TASK DATA.

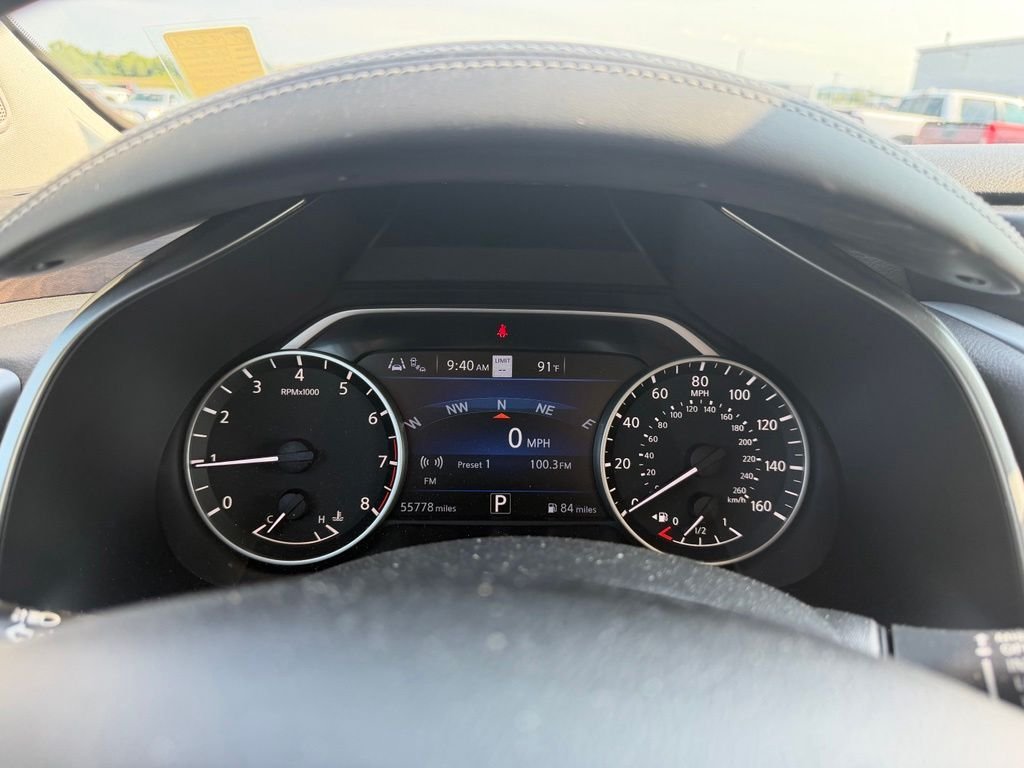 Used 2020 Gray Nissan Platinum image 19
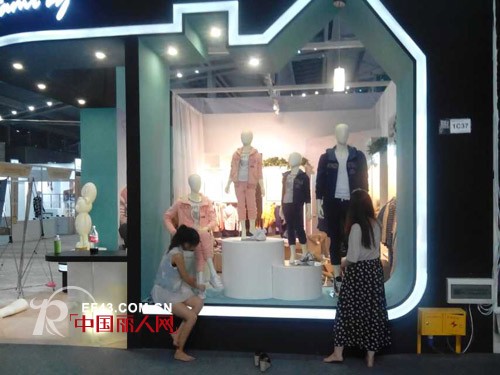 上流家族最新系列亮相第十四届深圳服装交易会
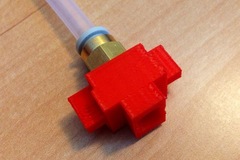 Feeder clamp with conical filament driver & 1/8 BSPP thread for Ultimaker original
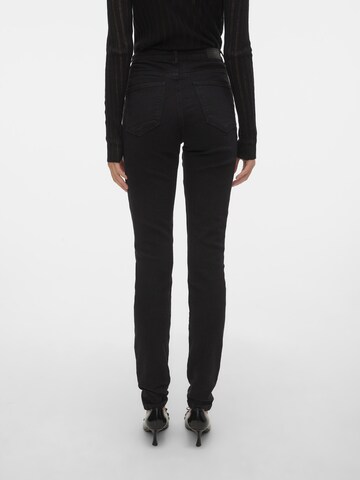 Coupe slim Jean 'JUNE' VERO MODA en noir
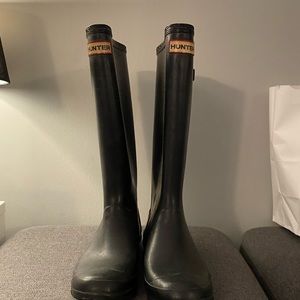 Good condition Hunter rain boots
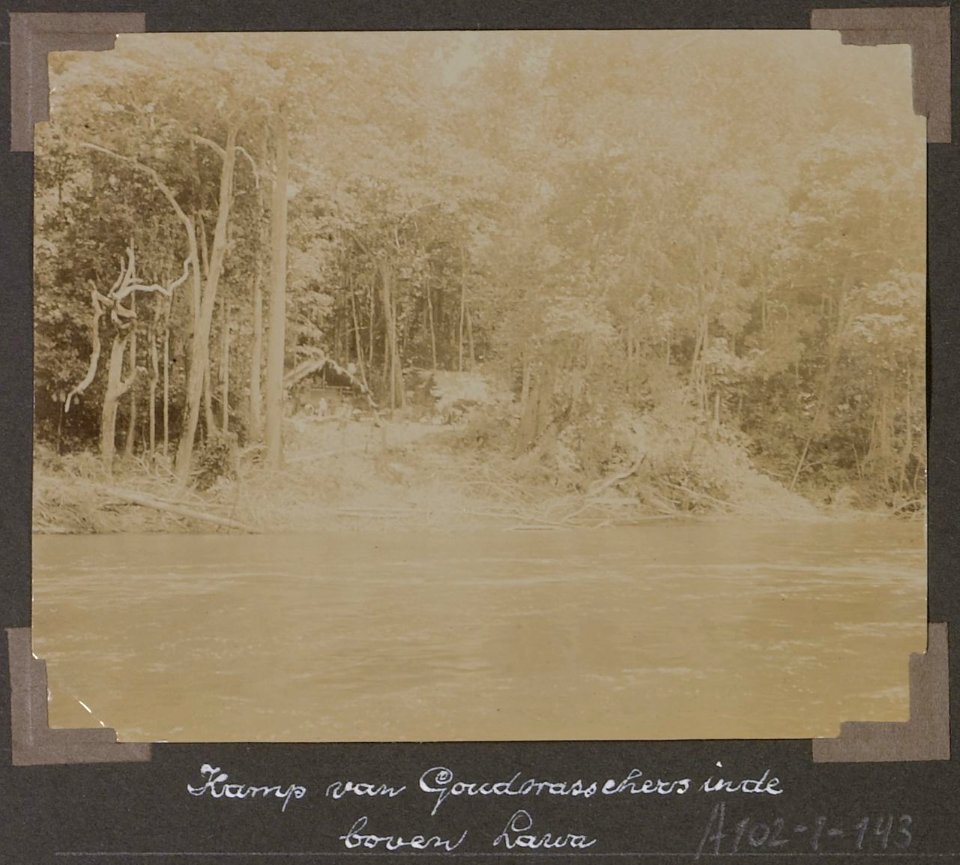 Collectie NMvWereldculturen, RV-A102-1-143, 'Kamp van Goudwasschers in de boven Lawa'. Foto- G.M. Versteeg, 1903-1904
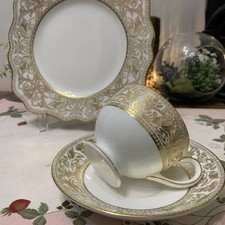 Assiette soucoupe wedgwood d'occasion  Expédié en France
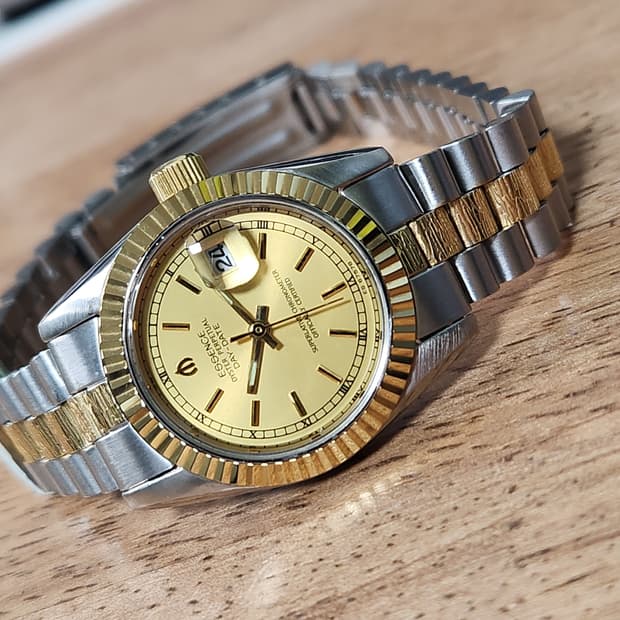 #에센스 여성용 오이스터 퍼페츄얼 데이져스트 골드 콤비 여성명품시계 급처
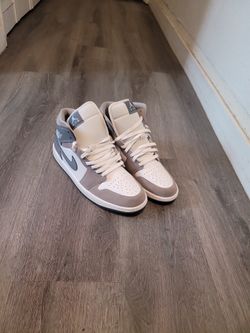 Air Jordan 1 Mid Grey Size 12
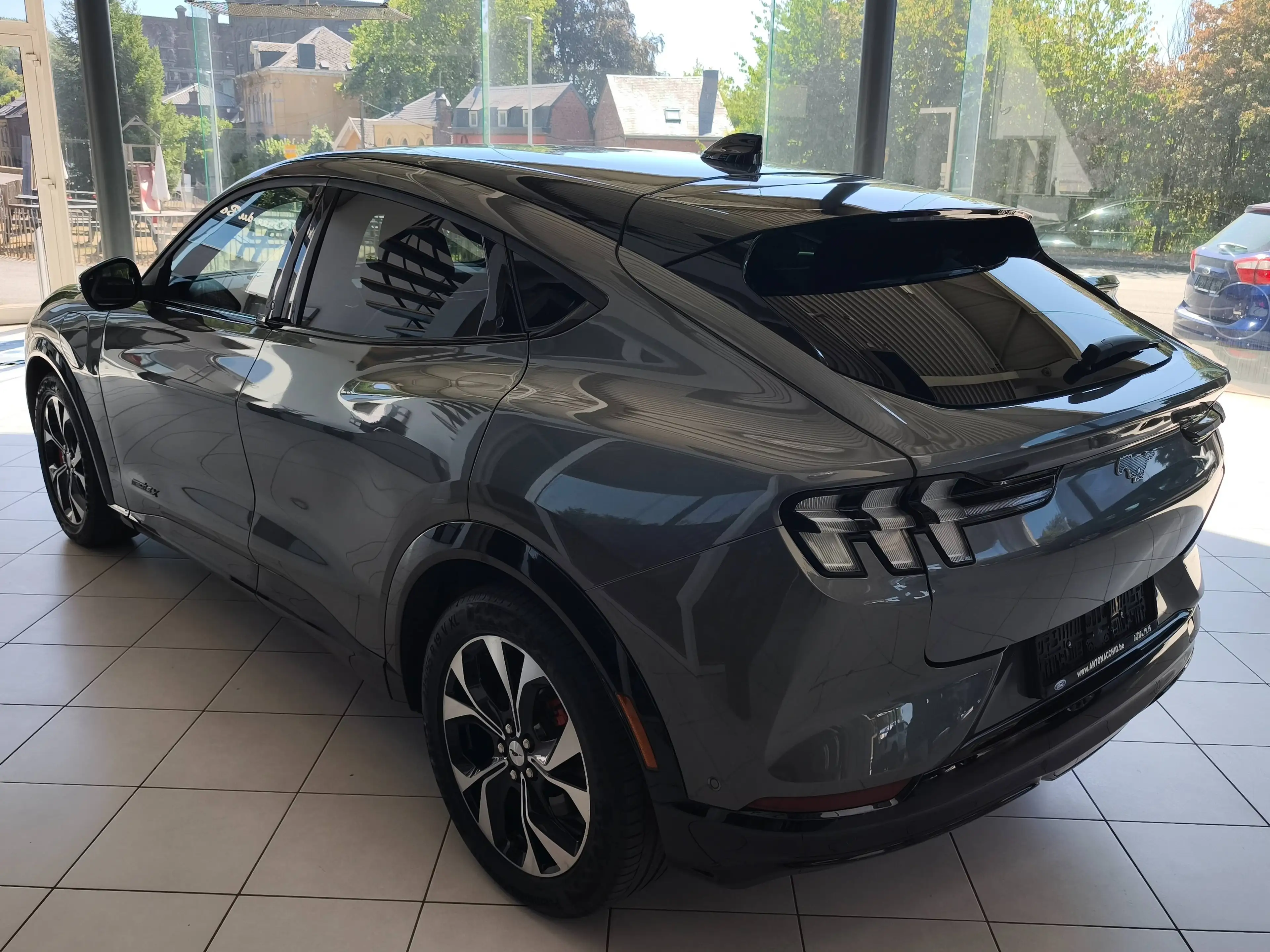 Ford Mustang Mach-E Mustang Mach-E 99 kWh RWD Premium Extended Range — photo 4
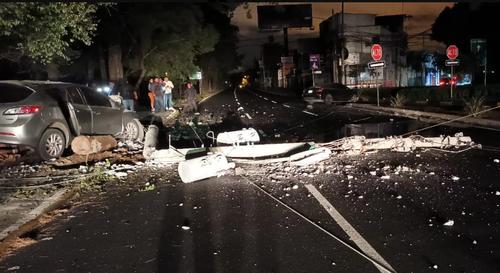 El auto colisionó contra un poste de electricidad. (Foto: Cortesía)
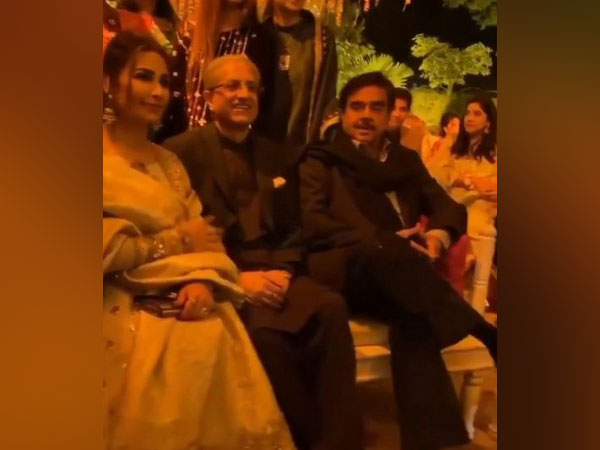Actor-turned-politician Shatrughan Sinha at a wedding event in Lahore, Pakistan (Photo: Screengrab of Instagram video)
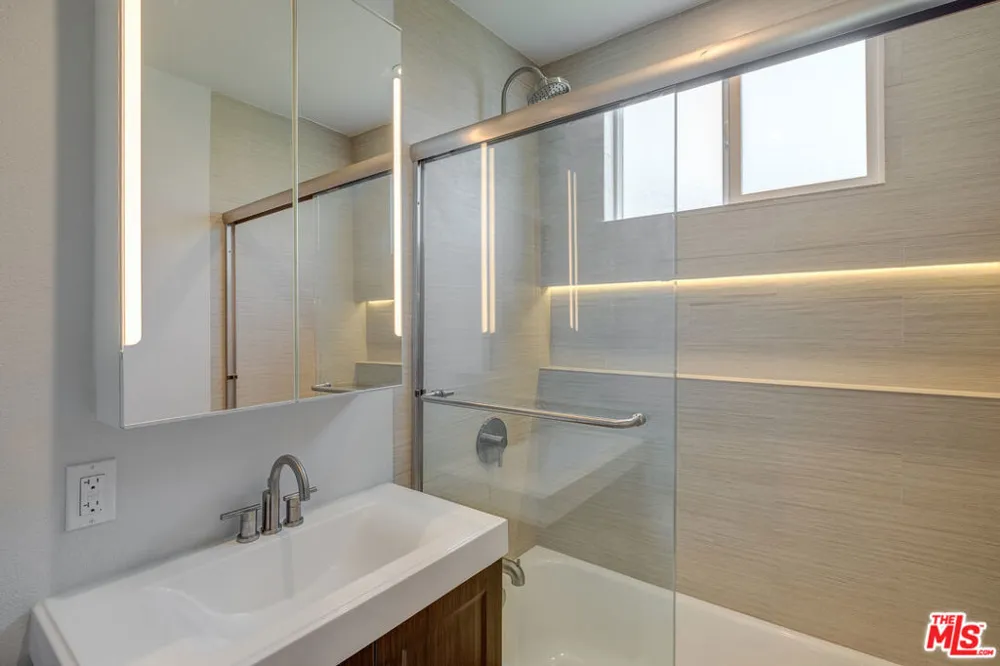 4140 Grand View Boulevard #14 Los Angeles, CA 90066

EXERCISE DIRECTIONS.
Reproduce the records above exactly, but only from the line with "Feeder clamp with" up to and including the line with "Air Jordan 1 Mid Grey Size 12". Leave the pictures out.

RESPONSE TO THE EXERCISE.
 Feeder clamp with conical filament driver & 1/8 BSPP thread for Ultimaker original
 Coupe slim Jean 'JUNE' VERO MODA en noir
 Good condition Hunter rain boots
 Collectie NMvWereldculturen, RV-A102-1-143, 'Kamp van Goudwasschers in de boven Lawa'. Foto- G.M. Versteeg, 1903-1904
 Assiette soucoupe wedgwood d'occasion  Expédié en France
 #에센스 여성용 오이스터 퍼페츄얼 데이져스트 골드 콤비 여성명품시계 급처
 Air Jordan 1 Mid Grey Size 12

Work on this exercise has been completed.